Retype nothing except the lines below from the one with "(Thanh Lý) Arduino Ethernet Shield 2" through the one with "DizzyRina online show from 02/24/26, 03:21", exactly, with images left out.

» RECORDS TO PROCESS
►
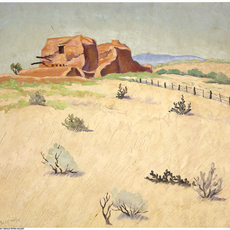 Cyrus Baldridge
◄
►
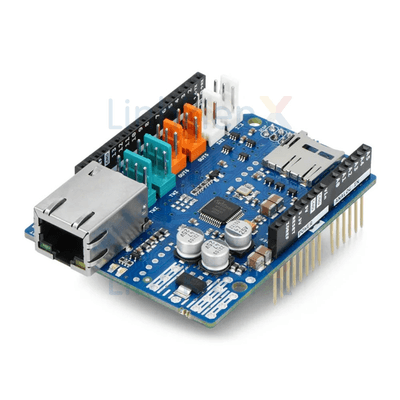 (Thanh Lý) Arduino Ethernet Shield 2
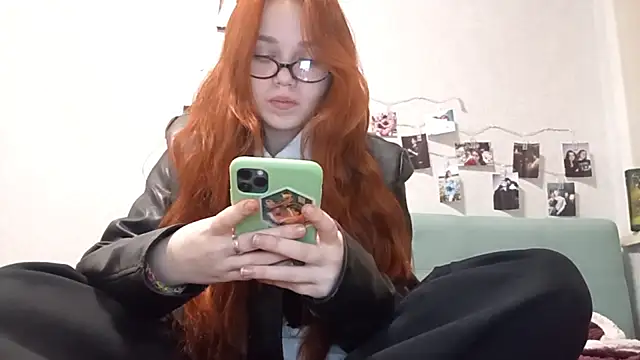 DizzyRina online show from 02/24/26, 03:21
◄
» RESPONSE TO THIS EXERCISE
 (Thanh Lý) Arduino Ethernet Shield 2
 DizzyRina online show from 02/24/26, 03:21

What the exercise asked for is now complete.